Gardening not only brings me closer to the One who created me, but also, gives my husband, daughter, and me a closer bond. Our daughter has already helped us plant the spring and summer gardens this year. She is already cultivating a love for things that grow. She wants to be a part of our work and the rewards that come. It can be a challenge for a three year old to be patient enough to wait for each seed to go in the ground. We may get some peas in our potatoes this year. She has already experienced our harvests of kale and bok choy. Somewhere she remembers the sweetness of summer ripe tomatoes growing on the vine. Since she could walk, she has gone out to the garden each summer and feasted on deep red tomatoes while standing, juice driving down her face and arms, while her feet feel cool dirt.

Not everyone enjoys gardening, as a few of my friends have joked in horror at my love of dirt.
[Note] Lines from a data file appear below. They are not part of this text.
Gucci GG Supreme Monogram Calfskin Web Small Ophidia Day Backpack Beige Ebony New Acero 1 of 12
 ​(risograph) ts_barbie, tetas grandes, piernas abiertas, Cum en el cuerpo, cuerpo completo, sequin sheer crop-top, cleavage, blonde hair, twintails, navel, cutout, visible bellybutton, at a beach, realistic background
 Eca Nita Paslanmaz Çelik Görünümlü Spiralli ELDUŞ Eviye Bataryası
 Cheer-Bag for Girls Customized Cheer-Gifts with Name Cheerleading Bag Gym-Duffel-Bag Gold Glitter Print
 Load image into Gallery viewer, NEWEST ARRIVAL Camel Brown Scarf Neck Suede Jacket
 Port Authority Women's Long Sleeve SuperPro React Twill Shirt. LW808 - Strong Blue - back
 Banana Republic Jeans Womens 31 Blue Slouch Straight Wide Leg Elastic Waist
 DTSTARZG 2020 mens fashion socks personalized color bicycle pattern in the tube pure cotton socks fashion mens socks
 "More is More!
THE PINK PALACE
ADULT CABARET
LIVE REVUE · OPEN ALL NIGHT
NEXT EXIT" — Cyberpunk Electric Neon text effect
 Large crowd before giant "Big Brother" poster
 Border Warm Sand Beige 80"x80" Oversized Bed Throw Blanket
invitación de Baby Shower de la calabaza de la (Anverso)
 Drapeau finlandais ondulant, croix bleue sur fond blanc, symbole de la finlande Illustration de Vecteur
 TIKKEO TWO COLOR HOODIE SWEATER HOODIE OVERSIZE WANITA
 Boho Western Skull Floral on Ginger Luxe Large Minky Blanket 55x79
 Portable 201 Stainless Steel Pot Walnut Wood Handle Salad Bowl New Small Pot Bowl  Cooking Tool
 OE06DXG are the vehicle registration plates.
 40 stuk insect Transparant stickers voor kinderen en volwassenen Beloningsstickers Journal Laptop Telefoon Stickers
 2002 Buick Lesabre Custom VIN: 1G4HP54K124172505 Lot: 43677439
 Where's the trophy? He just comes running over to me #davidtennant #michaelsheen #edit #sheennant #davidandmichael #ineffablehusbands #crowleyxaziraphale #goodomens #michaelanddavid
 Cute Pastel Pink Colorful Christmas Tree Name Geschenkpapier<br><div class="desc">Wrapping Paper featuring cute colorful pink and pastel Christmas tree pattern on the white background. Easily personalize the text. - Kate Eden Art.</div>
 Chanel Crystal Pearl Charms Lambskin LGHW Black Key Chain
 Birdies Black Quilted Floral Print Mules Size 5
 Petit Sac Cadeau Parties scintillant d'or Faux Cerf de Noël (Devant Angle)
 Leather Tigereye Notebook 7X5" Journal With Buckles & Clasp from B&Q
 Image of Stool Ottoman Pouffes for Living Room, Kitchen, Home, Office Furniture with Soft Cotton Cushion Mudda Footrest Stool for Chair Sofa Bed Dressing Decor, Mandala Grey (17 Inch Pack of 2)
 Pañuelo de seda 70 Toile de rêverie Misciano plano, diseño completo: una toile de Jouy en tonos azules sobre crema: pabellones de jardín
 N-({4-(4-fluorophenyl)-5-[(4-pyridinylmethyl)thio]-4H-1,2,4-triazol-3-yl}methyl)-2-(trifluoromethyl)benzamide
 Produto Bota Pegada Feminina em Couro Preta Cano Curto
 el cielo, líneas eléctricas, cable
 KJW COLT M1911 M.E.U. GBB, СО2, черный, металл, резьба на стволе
But, for us, it deepens our Catholic Faith to be working in God’s earth. To help in His creation. To pray for our crops and rain through the intercession of St. Isidore the Farmer and St. Francis of Assisi. It is a reminder that all comes from Him. We got that reminder when we lost every single one of our 48 broccoli plants this spring because of a very cold April. He gives and takes away, always showing us the path to holiness. We don’t always understand the work he is doing in us, but we continue moving on. We plant again in faith. I pray that this summer Our Lord may grant you abundant harvests and beautiful flowers to marvel at each day.